I was thinking about something on the way to work yesterday. It has to do with querying. (You can tell what's been on my mind lately, though I am not querying right now, nor am I particularly close to being ready to query. I do have a 2012 goal to query a certain novel before the first half of next year is gone.)
I kept circling around all the different things people say about when you know your book is ready to go out to agents. Many people say they really weren't ready, and they got lucky. Others mention several rewrites or heavy revisions or throwing the book in a trunk for two years before revisiting it. People getting ready to jump into querying for the first time ask how you know if you're REALLY ready, if your craft is good enough, if your story is solid. It's seriously anxiety-causing.
But I'm not exactly talking about that. This is what I was thinking about: let's say you do query, and you get an agent. You have to work on the book you queried for however many months it takes you to do revisions with your new agent. And let's say the awesome happens and your book sells. You have to spend more months revising, and then you have to do all kinds of copy edits and other stuff to prepare for it to come out. Then it has to come out. You have to do book signings and readings and promote it. You have to ignore the bad reviews.
Basically, you have to spend a lot of time with that manuscript. And I had never thought about this when I'd queried before, but (at least in my case) I think you have to actively WANT to debut with the novel you're submitting. I know this probably sounds ridiculous, very duh-like. I promise, I'm not trying to state the obvious. Because for a long time this was not obvious to me.

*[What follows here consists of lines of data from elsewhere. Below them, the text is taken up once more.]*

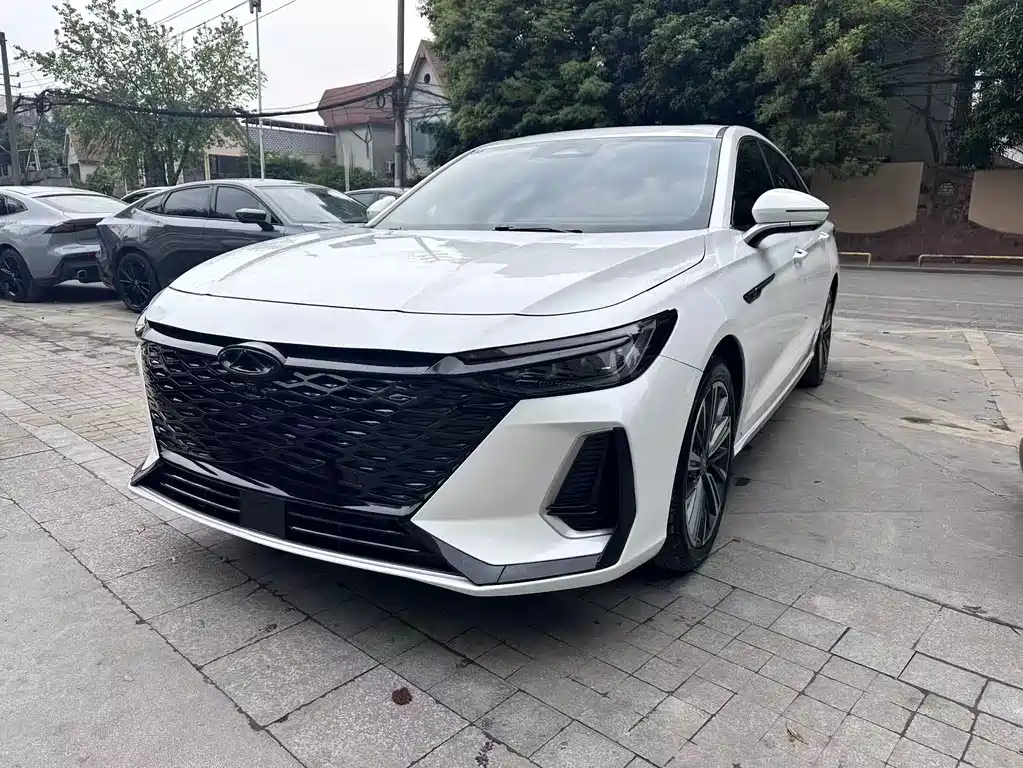 CHERY Arrizo 8 2024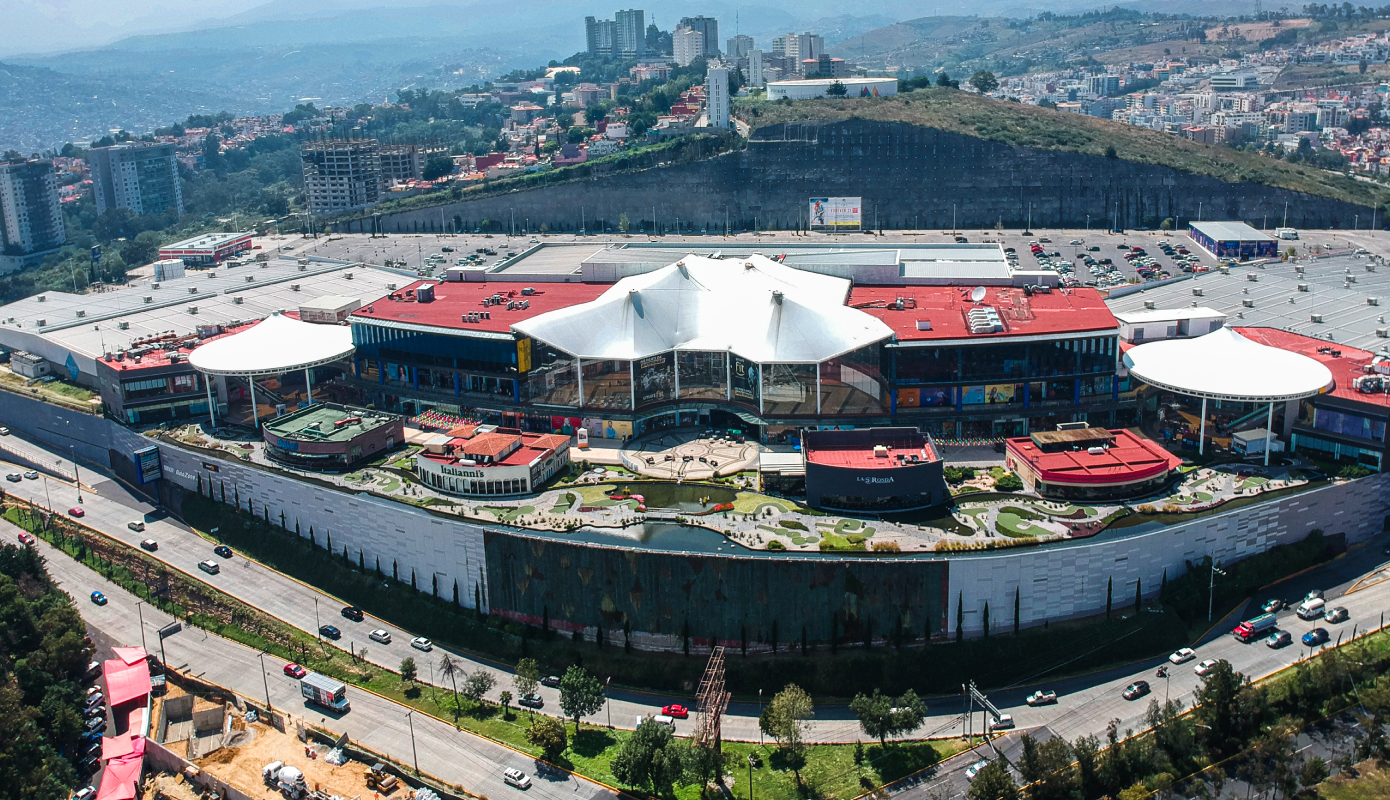 Cúspide skay mall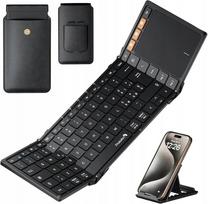 Sulankstoma belaidė klaviatūra ProtoArc XK01 TP, Bluetooth, QWERTZ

The interesting thing is, I've never really thought "oh wow, I WANT to debut with this novel I wrote, this book is totally ME as a writer!" (at least, not until recently.) I finished whatever novel, then queried because it was the next step and a good way of actively pursuing my goal of being published. And I obviously liked what I had written or I would not have queried it--I don't mean to make it sound like I was ever blasé about querying. Blasé is the last thing I ever was. But I didn't deeply consider what any of my old novels would say about me or my ability as a writer or even what kind of stuff people could continue to expect from me if I debuted with one of those stories. Intellectually I knew it, of course. But I didn't feel it.
I didn't FEEL it until I wrote a manuscript during Camp NaNo in August and a lot of realizations fell into my lap.
So all my unpublished, unagented friends: we are in an advantageous spot. I know it doesn't always feel like it (oh, do I know) but we are still all potential, and that is a great place to be. We haven't yet defined ourselves by a manuscript. We still get to think of exactly what we want to say about ourselves as writers. And we have time to do it. We have time to write new stories and revise them, and query or not query, and go back and revise again. We can learn about ourselves in the quiet of not having a deadline or professional revisions to work on. This is a place that, once we leave it, we can't return to. We are lucky to be here.
I don't know what will happen with this manuscript I want to query before 2012 is halfway over. (I WILL do it. I will!) But I do know this: at the time of querying, in terms of everything from the plot to each individual word choice, it will be the novel I absolutely want to debut with. (Even if it ends up not being.) Because that's how I'll really know I'm ready.